I’m curious to get your thoughts on this article … Assuming most consumers welcome this approach?

Well, duh; there’s no transparency to bundled prices. I think consumers deserve to understand what they are paying for; and, as the article notes, it’s absurd for experienced users to pay ridiculous markups for bundled services that they’ll never use (among other things).

Yeah, it’s almost like they are making you pay for the combined cost of providing their service…like socialised medicine…

I thought it was a thoughtful article. I think unbundled makes total sense for the transfer patients he spoke of. If both models are of care of offered, I think there’s the risk that only complicated patients seek the bundled approach and that it becomes more and more expensive. I think most people want “value.” Costco uses a bundled approach and they are popular because it’s seen as good value. I don’t know that $8000 hearing aids with full service or $4000 hearing aids with needing to pay for every wax filter, dome and visit will ever be seen as good value.

Hi All

after reading the article I highly welcome the approach, and actually that is how a ended up using hearing aids in the first place. I knew they were expensive and I didn’t want to settle for the big bulk ones.

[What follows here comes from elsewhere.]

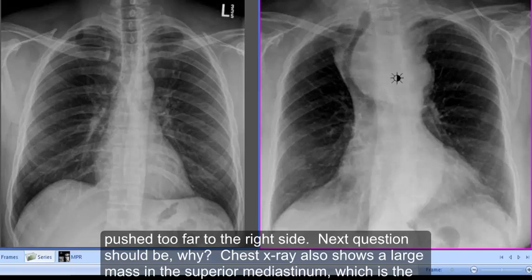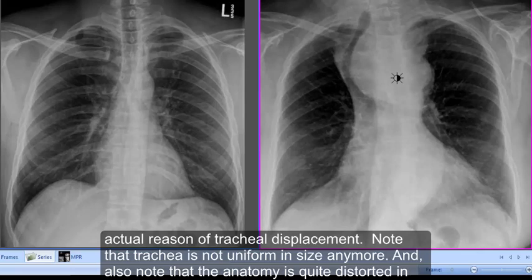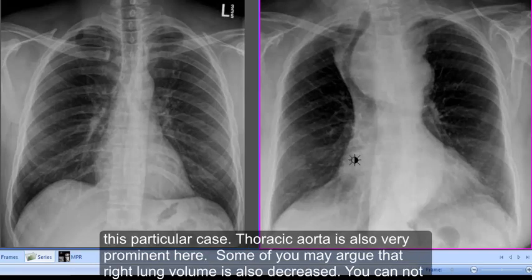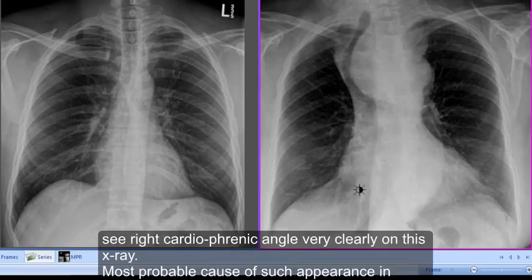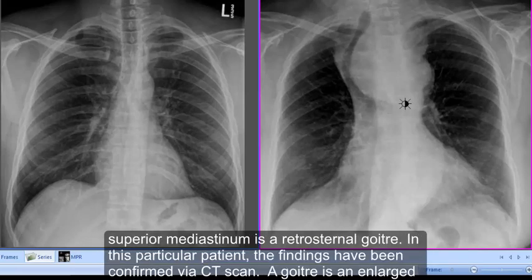The chest x-ray also shows a large mass in the superior mediastinum, which is the actual reason for the tracheal displacement. Note that the trachea is no longer uniform in size and the anatomy is quite distorted. The thoracic aorta is also very prominent here, and the right lung volume appears decreased — the right cardiophrenic angle is not clearly visible.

My Audiologist the options and price for devices and visits (take note each visit included a trip to a different city). I mad the full investment in 2 year, buying one HA for one year and another one the next year. Truly happy with my decision since I got the HA I really wanted, small and discrete. I truly recommend this options.

Erasmo

Unbundling puts a dollar value on the audiologist’s services. Bundling calls those services “free” meaning included but encourages people to think they have no value. The problem arises when fitting goes awry. Through no fault of the consumer problems can occur which could make the first time users experience so negative that they give up. There are also no provisions for going through the process only to find the HAs need to be returned as unsuitable. The services component would not attract a refund and trialing a HA could become unaffordable. Perhaps an approach which unbundles but still addresses those issues could be devised.

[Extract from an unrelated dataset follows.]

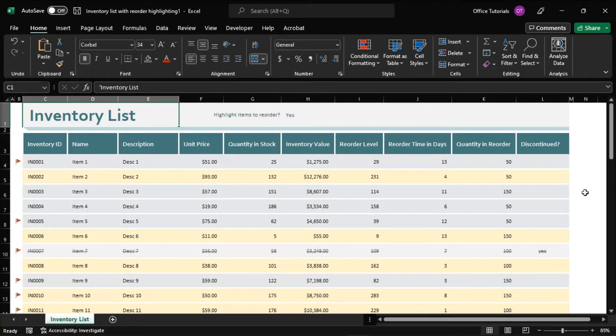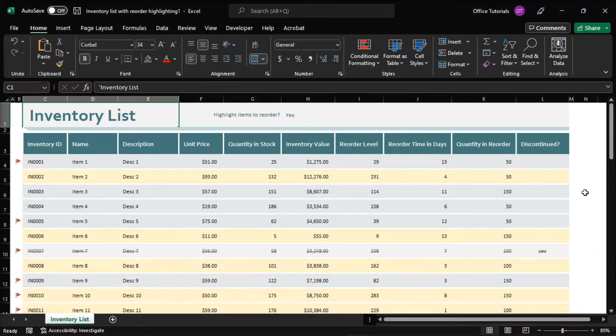So the first thing you have to do is open your spreadsheet and make sure that all the columns are set up correctly and labeled. Now the top row will be the header bar, which means that is where you need to place your titles.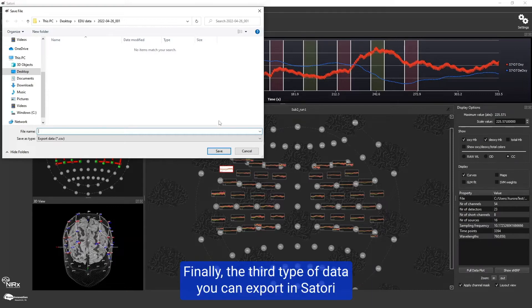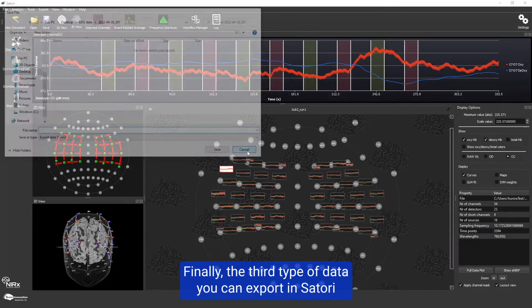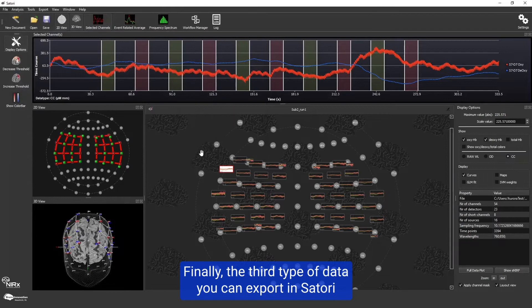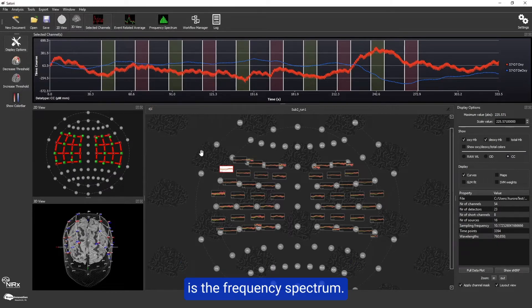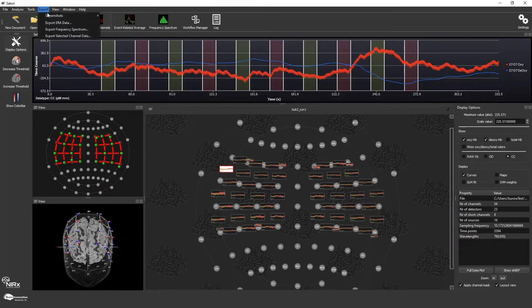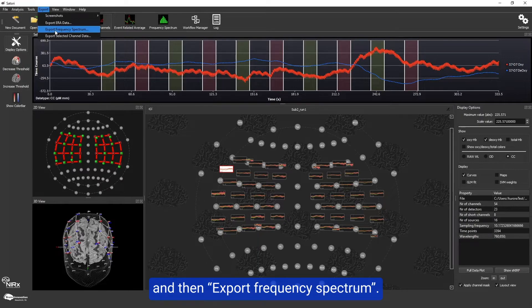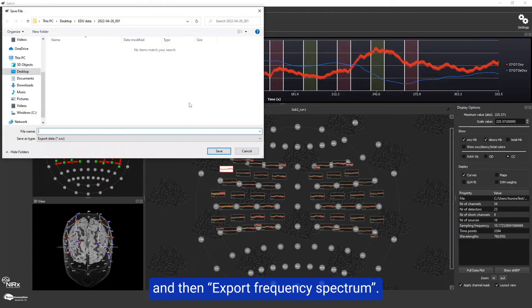Finally, the third type of data you can export in Satori is the frequency spectrum. To do so, go to export again and then export frequency spectrum.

Of course the other problem would be the less competent fitters could attract more fees for repeat services that don’t achieve their goal. Since the patient is not locked in to one provider they are much more likely to take their business elsewhere in that case.

Great points! I read through the article, didn’t quite feel like I could endorse it, not sure why though, so didn’t comment. But after reading these points, I think they would have been the concerns I’d have, too.